不動産市場における黒人差別問題とは

アメリカ不動産投資で資産倍増中ブログの中山道子です。

今日は、不動産市場における人種差別問題について。

お金の世界は、すべて数字なので、数字に差別といったような非能率的な、非効率な要因が影響を与えるはずはないというのが、業界を知らない方の普通の想定かもしれません。

不動産市場での人種差別ってなんや? マイノリティの人、かわいそうではあるけど、経済の世界は、実力主義や。弱音はきすぎやん?

(すいません、なぜ大阪弁、、、)

トランプ政権時には、住宅都市開発省 (The Department of Housing and Urban Development = HUD) は、自力で成功を手中にしたゴリゴリのブラック・リパブリカン、ベン・カーソン医師がトップ。政権は、人種差別問題については、興味なし体制を貫きました。成功した黒人をトップに据え、「黒人差別は昔のもの」と言わせたわけです。

それが、バイデン政権になり、「フェイクデータ」は通らなくなりました。現在、アフリカン・アメリカンの経済力を向上させるために、あらゆる方策が探られるようになり、不動産市場における21世紀型黒人差別に、またスポットライトが当たり始めています。

現在、一番問題になっているのは、「黒人が住んでいる家、エリアが、建物鑑定により、いつも低めに鑑定価格が算出される」という不動産鑑定士業界が露呈した露骨な黒人差別。

2021年2月報道の下のユーチューブニュース例では、サンフランシスコで、黒人家族が、白人不動産鑑定士に、居宅98万9000ドルという鑑定を受け、2度目の鑑定を要求、なんと白人の友人を駆り出して、二番目の鑑定士との応接を依頼します。つまり、白人家族が、その家のホームオーナーであるかのように装わせ、再鑑定をさせたのです。

その結果、二度目の鑑定では、148万2,000ドルという巨額の鑑定価格アップを勝ち得ました。

夫婦はインタビューに応じ、あからさまな人種差別を糾弾。実際、50万ドルの差ですから、言い訳できません。

これは、単発的なエピソードではなく、メディアには、最近こういう実例報道が増えており、業界内でも、不動産鑑定士業界のダイバーシティのなさの問題などが、改革要求を生んでいます。人種比率は実に、85%白人だそうで、現在、米国では、白人比率は、6割を切っていますから、どうにも非白人を蹴落としている観があります。

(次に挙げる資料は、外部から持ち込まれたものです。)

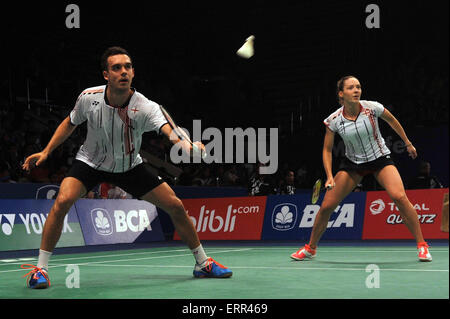 2 juin 2015 - Jakarta, Jakarta, Indonésie - JAKARTA, INDONÉSIE - JUIN 02 : Angleterre Gabrielle Adcock (R) Chris Adcock concourir contre Hollande Jorrit De Ruitter et Samantha Barning le mélange double à l'Open d'Indonésie 2015 Superseries Premier tournoi de badminton à Jakarta le 02 juin 2015. (Crédit Image : © Sijori Images/Zuma sur le fil) Banque D'Images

ブルームバーグの9月22日付の以下の記事の報道によると、この人種差別は、1980年代よりひどくなっているという調査が発表されたそうで、今、不動産鑑定業界への信頼が、再度、揺らいでいるのですね。

A Neighborhood’s Race Affects Home Values More Now Than in 1980Decades after housing reform, race has become an even greater determinant of home appraisals in Black and Latina neighborhoods, new research finds.

鑑定士も人間、たいして儲かる仕事ではありませんから、自分より成功している有色人種を見ると、腹が立つのでしょうか?

2006年までのバブルにおいては、銀行やデベロッパーのプレッシャーを受けて、上手に空気を読み、望まれるままに、高額鑑定を連発した同じ業界です。

一部のエリアを囲い込み、「ここは、黒人、ラティノ・エリアで、価値が低い」とレッテル張りをするだけで、そのエリアの経済発展が止まってしまい、住民全体が、地域社会にとってのお荷物と化すことになります。

ロウワーな白人にとっては、自分より下の人間が必要なんだと真顔で論じる人もいますが、政権や業界関係者は、今後、国全体の生産性を上げていくために、過去の累積の歴史に正面から向き合っていく必要があります。